Through Dr. Cárdenas’ work he has experienced some awe-inspiring things, especially for someone that grew up watching football. Dr. Cárdenas is a neurological consultant of the NFL and attends every one of its football games held in Arizona, according to the NBC news article on Dr. Cárdenas. He even attended last year’s Super Bowl, making sure that all the athletes were safe and that any blow to the head was immediately addressed. Though he is on the field at these intense sports, he chose to send his kids to a school that isn’t known for its sports program, Arizona School for the Arts. His decision is not reflective of his views towards sports, he values the positive benefits of outdoor activities and what it does for people's health, but at ASA, he states, “The academic rigor is there, and then when it comes to arts, I do not have a talented bone in my body, nor does my wife.” A loud laugh interrupts the sentence, echoing through the coffee shop, “But we have always had an appreciation for the arts. So it was very natural for us, and I think my kids are far more well-rounded for it.”

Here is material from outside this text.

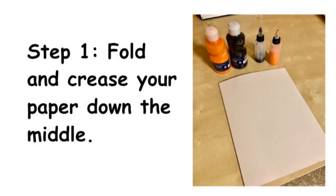Step 1. Fold and crease your paper down the middle.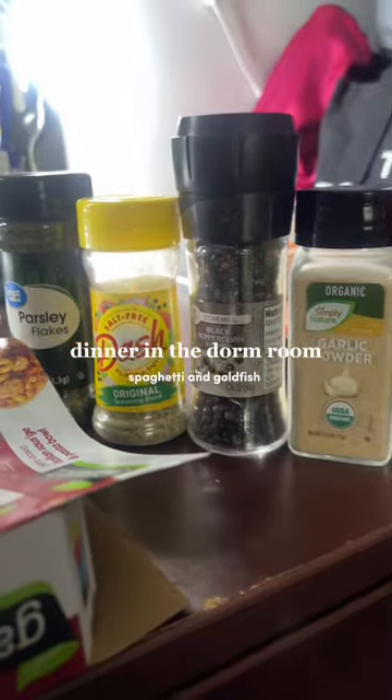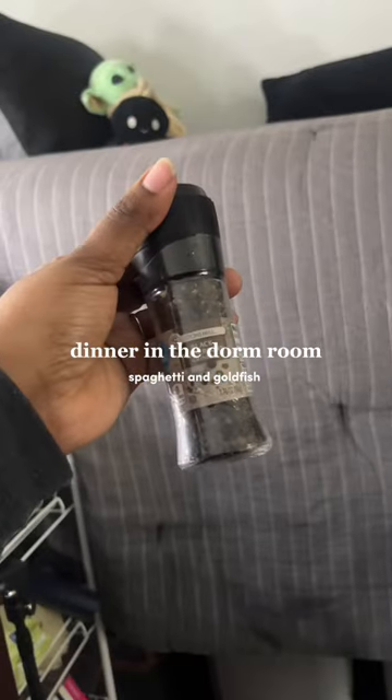This is my starting lineup. Nobody is touching me if my food got it in there. Got my parsley, got my dash, got my garlic — well, you see it.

Dr. Cárdenas’ love for ASA beams through his smile when talking about how well his kids have done here, but his relationship with ASA surprisingly began with his mom. “There was a woman who was on the board who actually asked my mom to participate on the board,” but his mom quickly transferred the offer to Dr. Cárdenas and he came aboard ASA when the classrooms were in closets and the main campus was a church. At the start of his board membership he was fully ambitious to apply his teaching experience to a growing school. “But I quickly learned that being a good board member is about governance not about making school curriculum.”
As the interview continues, Dr. Cárdenas extends questions to me, the student, wanting to change the structure of our meeting from an interview to a conversation. Smiling that someone so profound and accomplished wanted to hear about my family and education, I shared the commonalities about our lives. When talking about the classes my own parents teach, he, with genuine interest, replies, “That is so amazing!” Dr. Cárdenas’ teacher like approach is comforting for someone who grew up with parents who teach. In my forty-five minute interview with him, Dr. Cárdenas showed genuine interest in me and taught me that the most universal tool I can have in my pursuit of medicine and making a difference in the world is the ability to teach.